5 Replies Latest reply on Dec 10, 2010 3:25 AM by phoffmann

    LANDesk 9 and McAfee Endpoint Encryption (SafeBoot)


      Hello all,


      We're currently in the process of running a Proof of Concept with LANDesk 9 and we've hit a major stumbling block.


      We use the McAfee Endpoint Encryption product (formerly known as Safeboot) to encrypt our hard disks.  The problem we have is deploying an OS to a machine with an encrypted hard disk.


      When we schedule an OS deployment task, the machine will reboot and immediately show an “Operating System not found” error.


      To be clear – we are still able to manually put the machine into a PXE boot, and we can successfully re-image the machine using LANDesk.  It is purely when we schedule a task within LANDesk and let the agent reboot the machine that the process fails.


      Has anyone any experience of using McAfee disk encryption and LANDesk together?  My guess is that LANDesk and Safeboot are both fighting over the MBR of the hard disk… and they both lose!

        • 1. Re: LANDesk 9 and McAfee Endpoint Encryption (SafeBoot)

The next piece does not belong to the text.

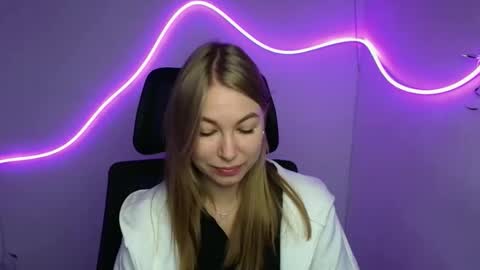 Snapshot of emilia_ilia chatting on 10.02.25 Emilia online show from 10.02.25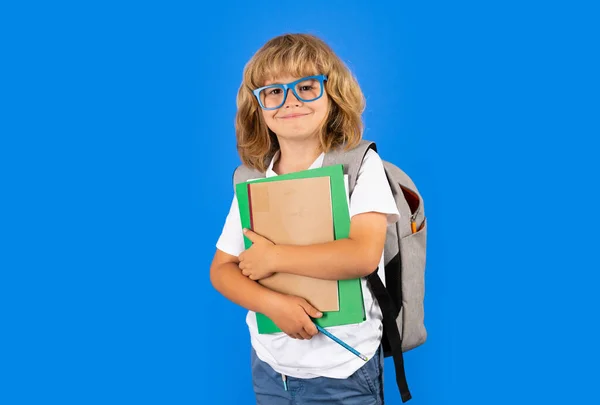 Retrato Aluno Livro Hold Aluno Sobre Fundo Estúdio Isolado Azul — Fotografia de Stock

          Doessafeboot create it's own partition to boot off? If so, is the correct partition being set as active during the imaging process?

          • 2. Re: LANDesk 9 and McAfee Endpoint Encryption (SafeBoot)

            Hi Jack,


            Thanks for your reply.  We have no problems imaging over the top of Safeboot if we manually do a PXE boot and re-image using the PXE menu.


            The issue is with Agent-based deployments -- when the devices reboot we get the dreaded "Operating system not found" error and the machine is no-longer bootable.

            • 3. Re: LANDesk 9 and McAfee Endpoint Encryption (SafeBoot)
              phoffmann SupportEmployee

              It sounds like you're using OSD (and thus - vBoot) to do this -- would I be correct in that?


              The thing about vBoot is this:


              1 - We copy down a Windows PE image.

              2 - We create a (temporary) partition and expand the image into that partition (this is essentially "Windows PE on your HD").

              3 - We tell the MBR "please go forth and boot from here next boot", so as to load WinPE.


              4 - We Reboot.


              Now the problems can be several.


              1 - McAfee Endpoint Encryption is causing a problem with the MBR (in that it assumes this is an attack or so).

              2 - Your hard drives already have 4 partition entries (which is the hard limit, an MBR cannot cope with more), and thus we run into an open knife.


              The question here is how much McAfee's software does (as such things CAN quite often be overzealous in their intents to protect a system).




              The reason PXE-booting works fine is because you don't involve the MBR at all - you just boot over the network. The hard-disk doesn't even get involved.


              - Paul Hoffmann

              LANDesk EMEA Technical Lead.

              1 of 1 people found this helpful
              • 4. Re: LANDesk 9 and McAfee Endpoint Encryption (SafeBoot)

                Thanks for your helpful answer, Paul!


                Yes, I'm using OSD.  I'd not thought about the temporary partition that vBoot creates -- that gives us another area to look at, as well as the MBR.  Thanks.


                As I mentioned, we're just in the LANDesk 9 proof-of-concept stage, so I'm using OSD for simplicity of testing.  Eventually I'll be moving to Provisioning.  So I think from what you're saying -- Provisioning won't create a temporary PXE partition and modify the MBR?  Is that correct?


                thanks again!

                • 5. Re: LANDesk 9 and McAfee Endpoint Encryption (SafeBoot)
                  phoffmann SupportEmployee

                  Oh, you can get OSD to work fine.


                  The reason we push down the Windows PE image is just because it's a lot more efficient to do so whilst you have all the lovely capabilities of a full OS. Copying down the image whilst you're on a "bare bones OS" (if one can even call it that) such as PXE, your performance is rather more ... lackluster.


                  You *CAN* modify your scripts to pretty much tell your devices to "boot into PXE managed boot please", that's simple enough (if you're interested). This only works for OSD though.


                  I can dig up the relevant info (it's not a lot, it's about 1-2 lines, just more a matter of finding it again), but since you're talking about intending to use Provisioning, I won't bother just yet.


                  NOTE -- Provisioning and OSD are SIMILAR, but they work QUITE differently. Don't make the (all too easy) mistake to assume that they're identical / the same thing with slightly different flavours. It'd be fairer to say that they're radically different but just APPEAR similar .




                  For provisioning - the answer is "it depends" - namely it depends on what your devices start out with.


                  If they're already full Windows devices, and you choose the default "Reboot into WinPE Vboot" option in provisioning, then (as the name suggests) we again use a virtual boot partition approach (again, for the reasons named above).


                  Provisioning can't be "tricked" into a boot like OSD can.




                  It may help if you describe your scenario / what you are starting out from and what you are intent oin acheiveing in the end, and we can see if we can cook up something to suit that need.